In the reports, AutoNation did not state it would buy any of the trucks, court records state.

Lindsey Construction decided to trade-in the three vehicles for newer models, terminating the leases from Enterprise and then leasing three new trucks from Enterprise, which were bought from the AutoNation.

Several months later, Lindsey Construction received a letter from Enterprise stating that AutoNation had not purchased the Ram 7007 from Enterprise and that if it did not buy the truck, Lindsey Construction would have to pay more for the lease of the truck that replaced the Ram 7007.

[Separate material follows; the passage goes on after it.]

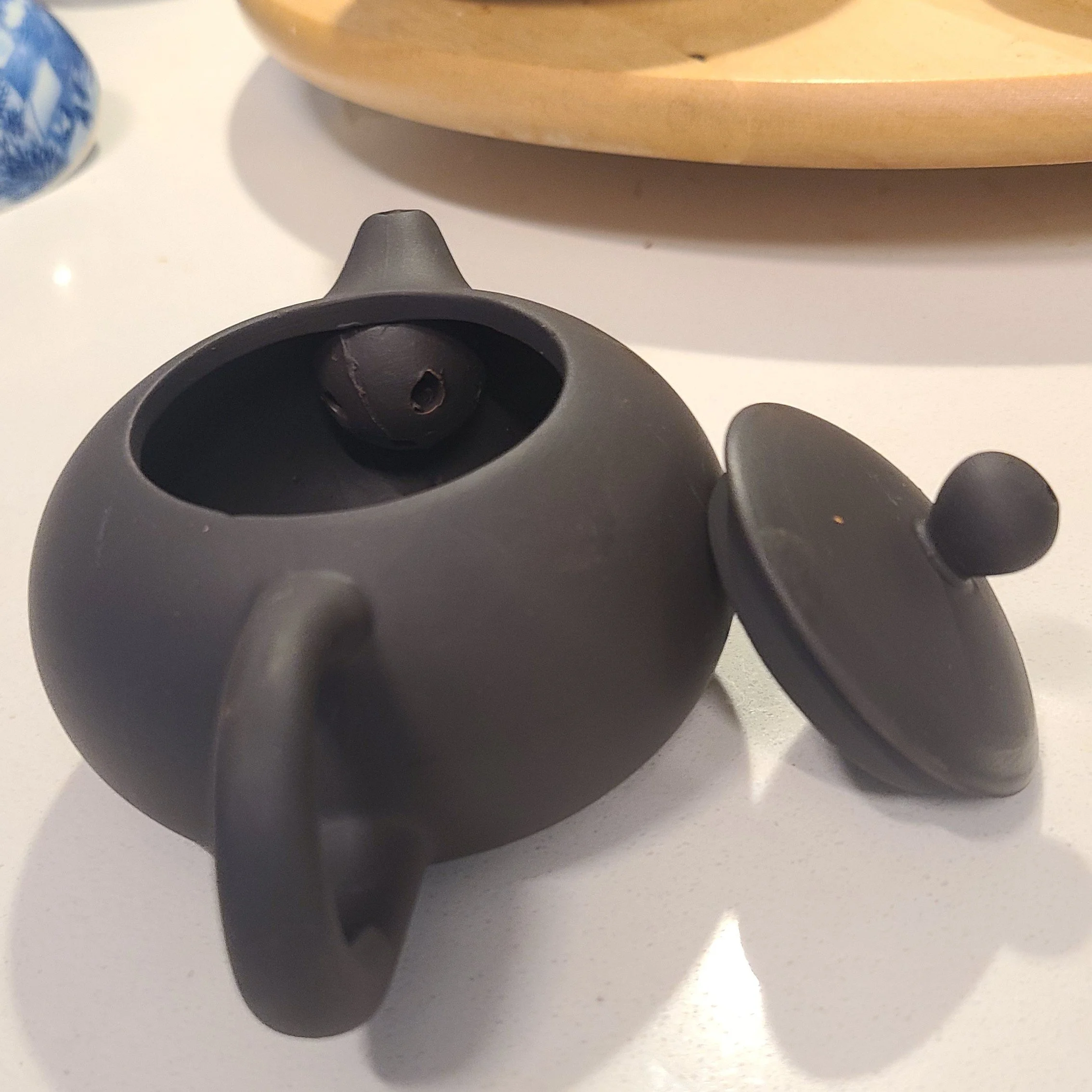 ball strainer w/ a single hole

Despite Lindsey Construction’s demand that the AutoNation Parties buy the Ram 7007 from Enterprise for $13,500, AutoNation refused to do so.

Lindsey Construction then sued AutoNation, asserting claims for breach of contract, violations of the Deceptive Trade Practices Act, negligent misrepresentation, and tortious interference with an existing contract.

In turn, AutoNation filed a motion for summary-judgment, which was granted by the trial court, court records show.

On appeal, Lindsey Construction asserts that the trial court erred in granting summary judgment because an adequate time for discovery had not yet passed.

Justices on the 14th Court of Appeals disagreed, affirming the trial court’s ruling on Dec. 7, court records show.

“The trial court did not abuse its discretion in impliedly determining that an adequate time for discovery had passed when the trial court granted summary judgment,” the opinion states, authored by Chief Justice Kem Thompson Frost.

“The trial court did not err in granting summary judgment as to the breach-of-contract claims on the ground that there is no evidence that the parties mutually assented to the terms of the alleged implied-in-fact contract. Nor did the trial court err in granting a no-evidence summary judgment as to Lindsey

Construction’s claims based on alleged DTPA violations.

“Lindsey Construction has not shown that the trial court erred in granting a no-evidence summary judgment as to the negligent-misrepresentation claims or as to the claims for tortious interference with an existing contract.”

Lindsey Construction is represented by Andrew Green and Veronica Montemayor, attorneys for the Houston law firm McCathern PLLC.

AutoNation is represented by George Kurisky Jr. and Mark Bankston, attorneys for the Houston law firm Johnson, DeLuca, Kurisky & Gould.